God also promises that He will be with you always. Believe Him.
God promises you can do all things through Christ. Believe Him.
God promises that He can do exceeding abundantly more than you could ever ask or even think. Believe Him.
God promises strength to the weary. Believe Him.
God promises comfort for those who mourn. Believe Him.
God promises victory for those who maintain their faith in Him. Believe Him.
God promises rewards for those who are mistreated because of their faith. Believe Him.
God promises His peace when you go through a storm in life. Believe Him.
And to all Christ-followers, God promises a future home in Heaven where there will be no more pain, no more suffering, no more loss, no more sickness, no more death. Believe Him.

This Book (the Bible) is packed full of promises that God has made, and perhaps He has made some to you personally. Believe Him. He will not back out on His promises. You can trust Him.

4.    Appreciate the blessings of God

Recognize the blessings of God. Even when you’re smack dab in the middle of a personal storm, whatever it may be, take the time to recognize and appreciate the blessings of God.

Acts 27:35 (NLT)
Then he took some bread, gave thanks to God before them all, and broke off a piece and ate it.

What a strange thing to do. The ship is in danger of capsizing, the crew has been battling hurricane force winds for two weeks, and Paul gives thanks? What does he have to be thankful for?

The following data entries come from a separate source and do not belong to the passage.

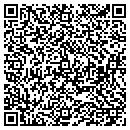 QR code with Facial Expressions contacts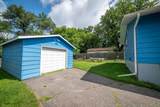 324 Abner St - Photo 25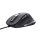 TRUST FYDA WIRED MOUSE 5.000 DPI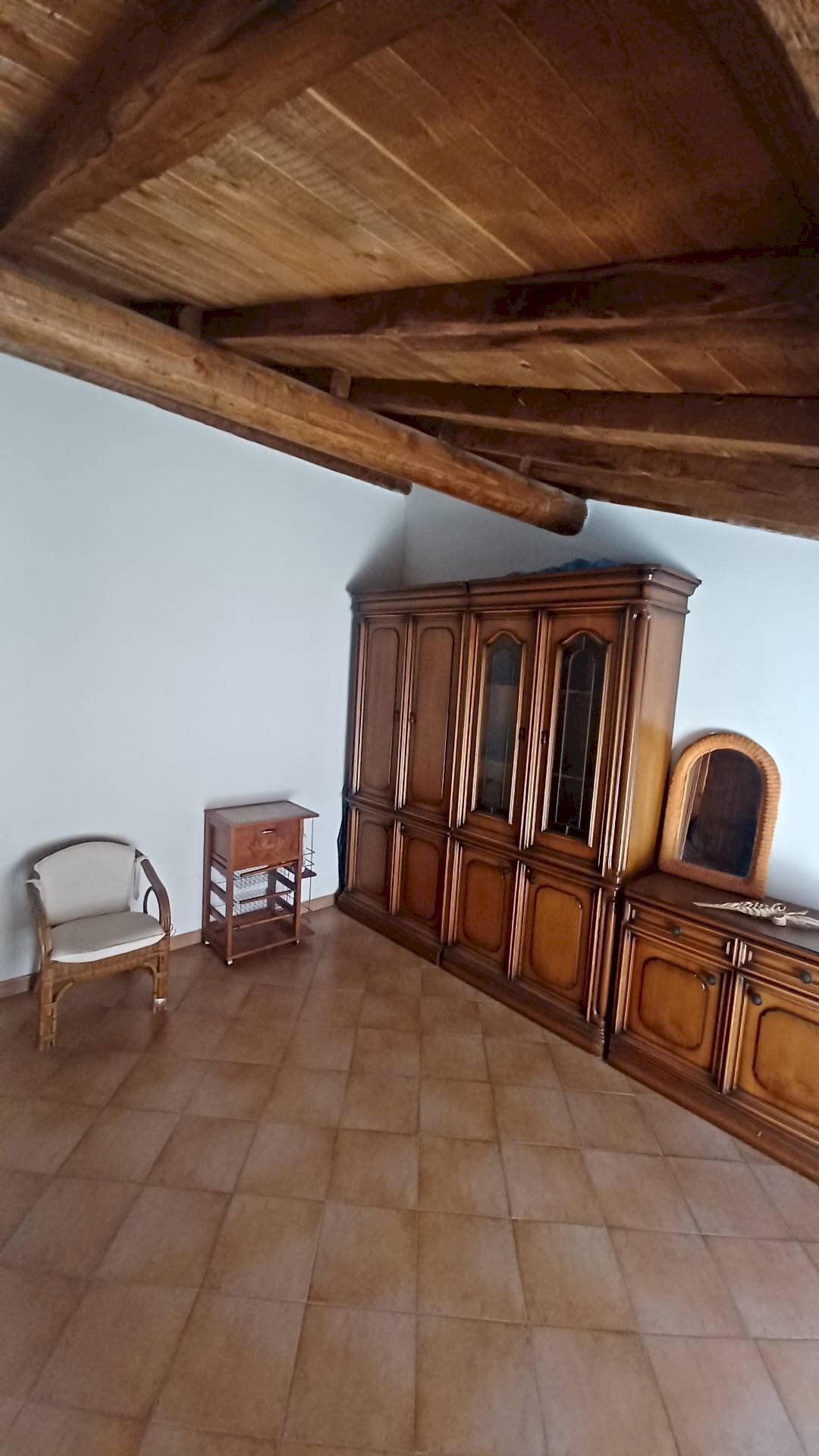 Foto 3 - Appartamento Via Dante Alighieri
 
20, Maenza - foto 3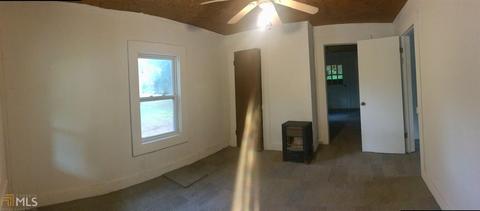 108 Stuart St, Lagrange, GA 30240 photo 2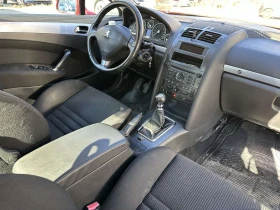 Обява за продажба на Peugeot 407 LPG 2.2 163hp ~7 200 лв. - изображение 6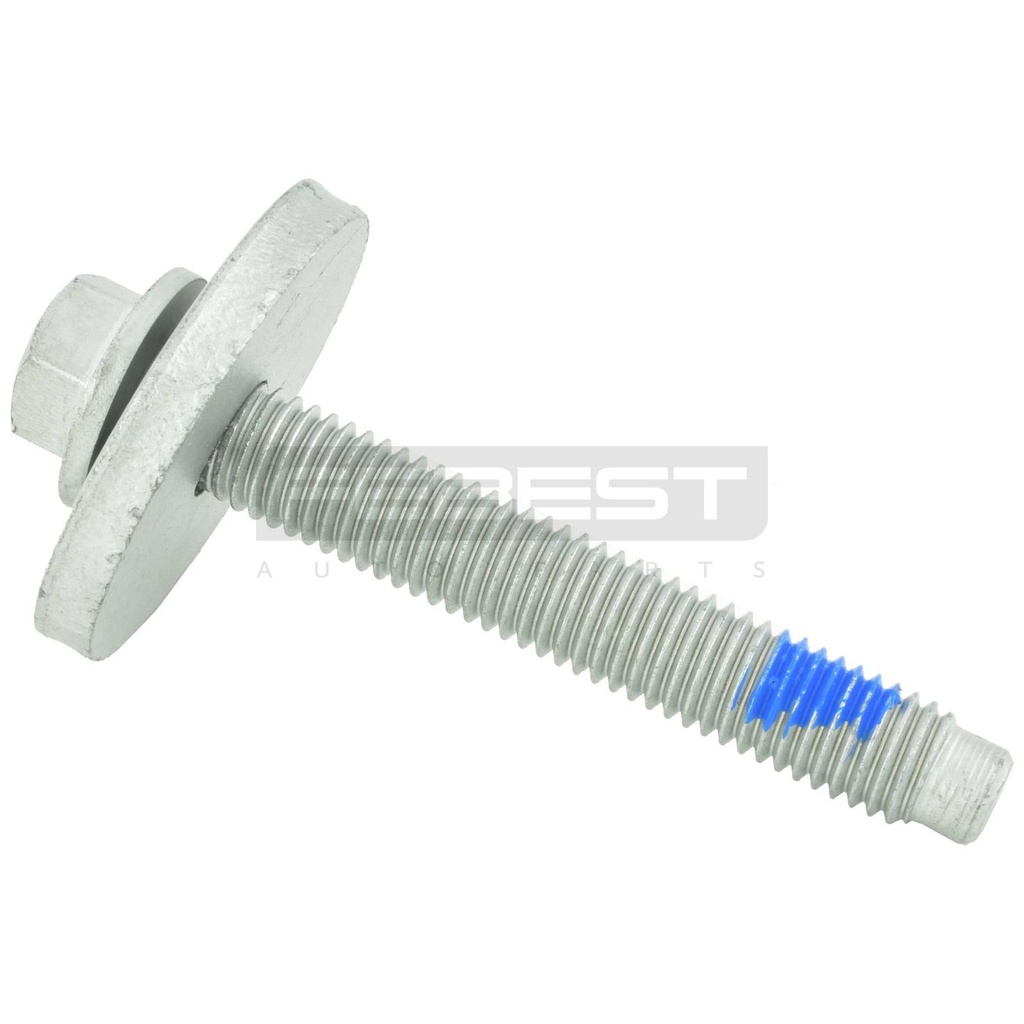 Boulon FEBEST – FORD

Well, no lives had been lost, they still had some food to eat, and God had given them that great promise that everything would work out. So really, they had a lot to be thankful for.

And you know, it’s not a bad idea to look for the blessings of God even in the midst of a storm. The blessings may not be all that evident at first, but look for them and they’ll be there. And that can have a tremendous impact on your own attitude and perspective.

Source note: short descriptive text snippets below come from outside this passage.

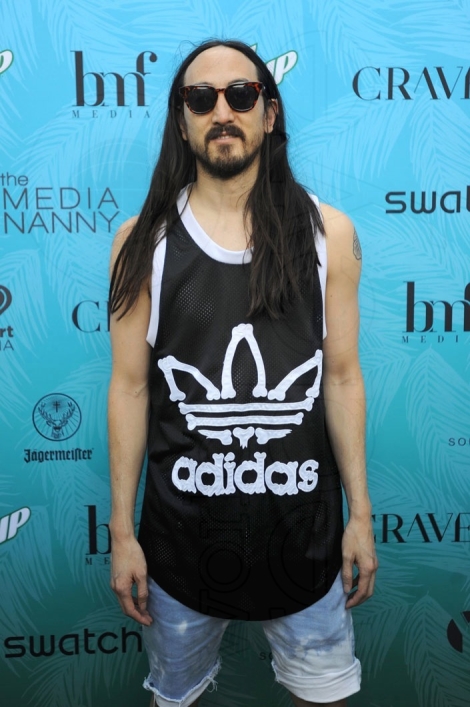 3.3g-5-Steve Aoki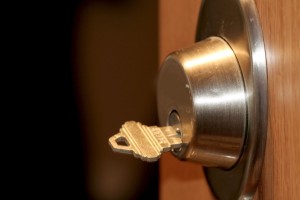 locksmiths oak lawn il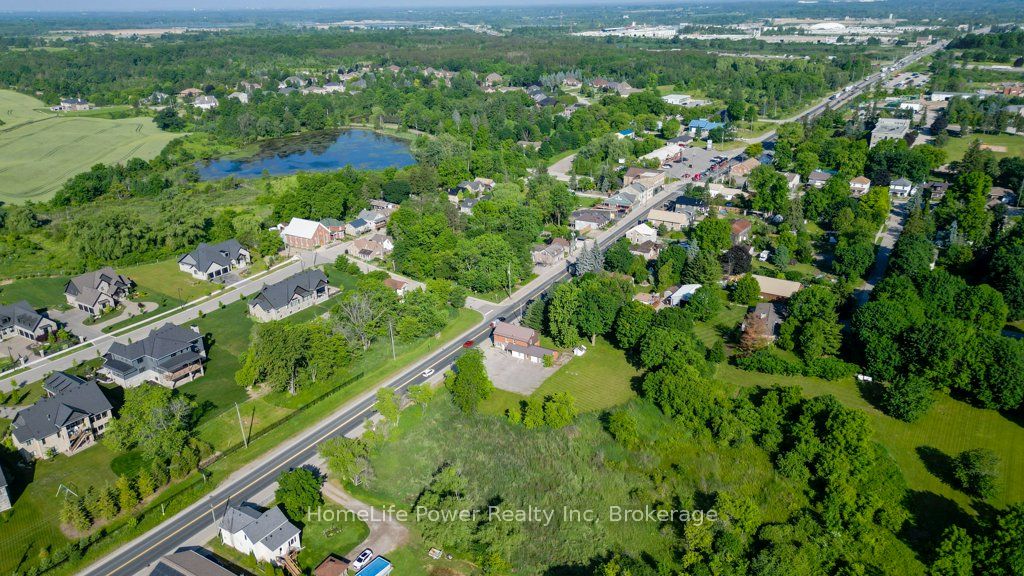 59 Queen Street Property Photo 6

I think this is something we really need to pay attention to. Because it’s so easy for us to gripe and complain when everything seems to be working against us, but all that does is increase the intensity of the storm.

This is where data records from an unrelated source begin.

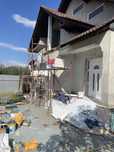 Servicii constructi. ! Echipa serioasa .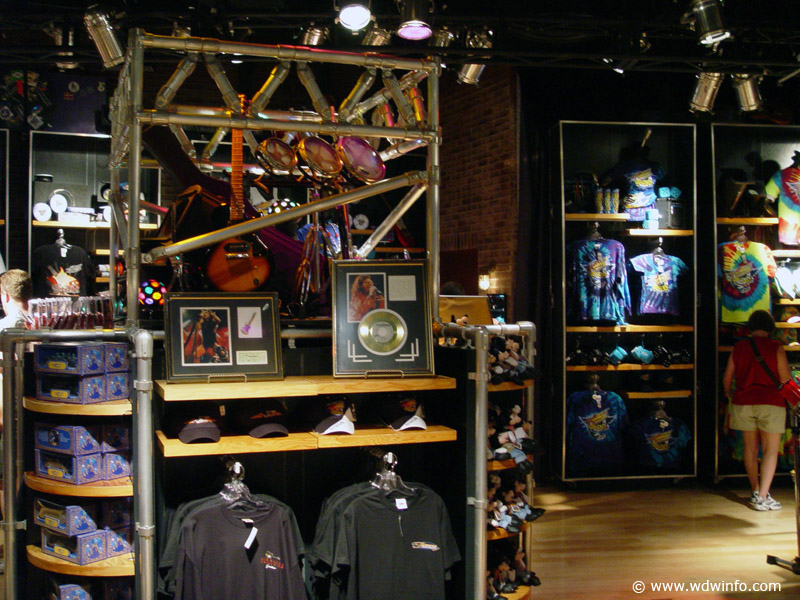 Rock 'n' Roller Coaster_06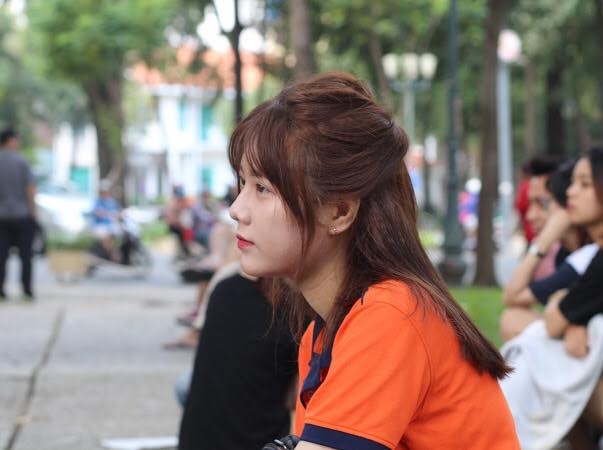 a khoi Miss Hutech 2019 anh 21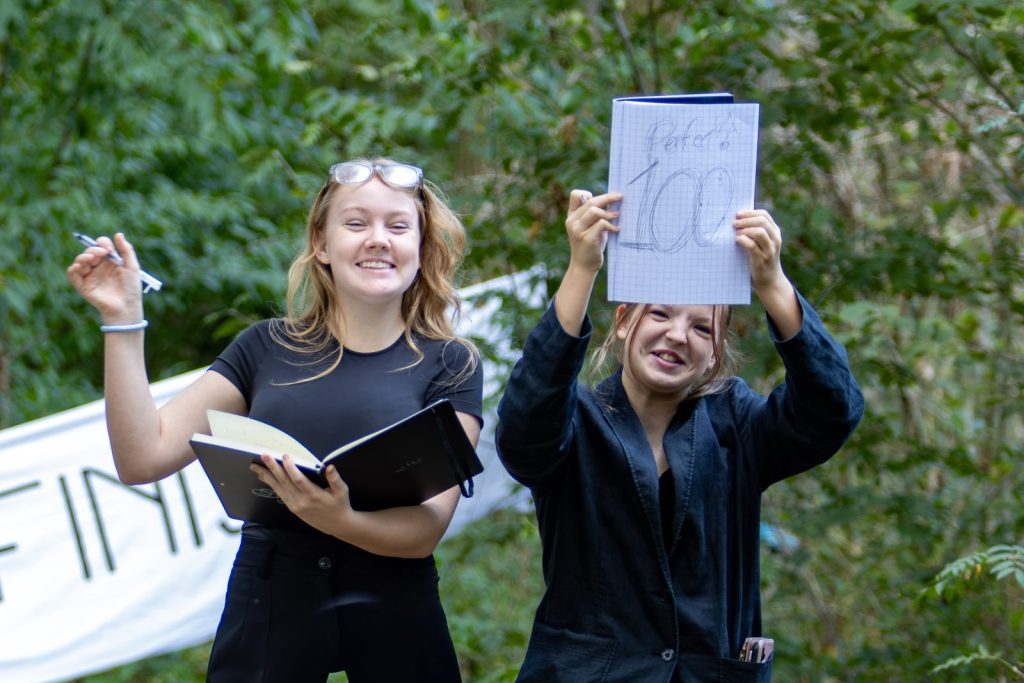 Najaarszomerwandeling 2026 (12)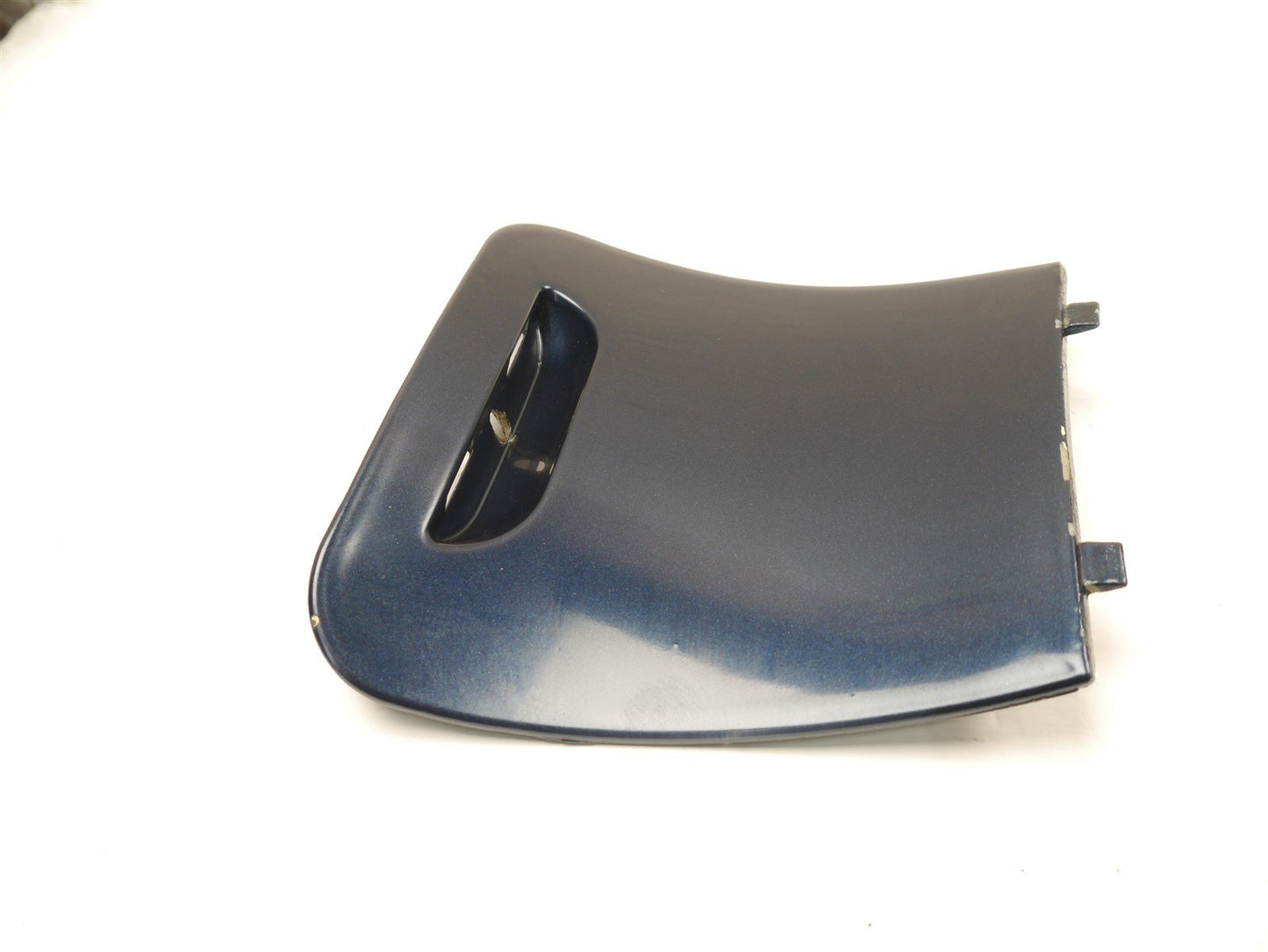 VESPA PIAGGIO ET4 125 2001-2005 FRONT ENGINE FAIRING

But what happens when you find something to be grateful for? Suddenly the storm doesn’t seem to be as bad. Oh, your circumstances may not have changed, the storm may still be raging, but your perspective changes. Take a look at what happened to the men on the ship after Paul gave thanks…

Acts 27:36-37 (NLT)
Then everyone was encouraged and began to eat—all 276 of us who were on board.

Men who had been so stressed out that they didn’t even have appetites for two weeks, suddenly were encouraged and were able to eat and regain some of their strength. And I think you would find the same response in your own life. Count your blessings, take note of what you have to thank God for, in spite of the storm you’re going through, and it will lift your spirits and help you make it through.

5.    Eliminate Excess Baggage

Acts 27:38 (NLT)
After eating, the crew lightened the ship further by throwing the cargo of wheat overboard.

[Notice the very important punctuation in this verse. It’s “After eating, the crew…” not “After eating the crew, …”]

The crew onboard the ship lightened their load and increased their chances of survival by physically throwing the cargo overboard. The storm they were in forced them to decide if they wanted to save their stuff or if they wanted to save their lives.

In our personal storms, we are also confronted with the opportunity to recognize what is truly important. And as difficult as it can be, our storms can actually help us clarify our priorities.

When you’re going through a financial storm, suddenly that high definition plasma screen TV doesn’t seem all that important, does it? When you’re going through a health crisis, that promotion at work is no longer your primary concern. When you have a relational crisis, that trip you’ve been saving for kind of gets put on the back burner. When you lose your job, accumulating the latest toys and gadgets slips down your list of priorities.

And what are you left with? What do you find is really important? Well, Family, friends, faith… those are the kinds of things that come to the forefront. And it’s those things that can help you through the storm.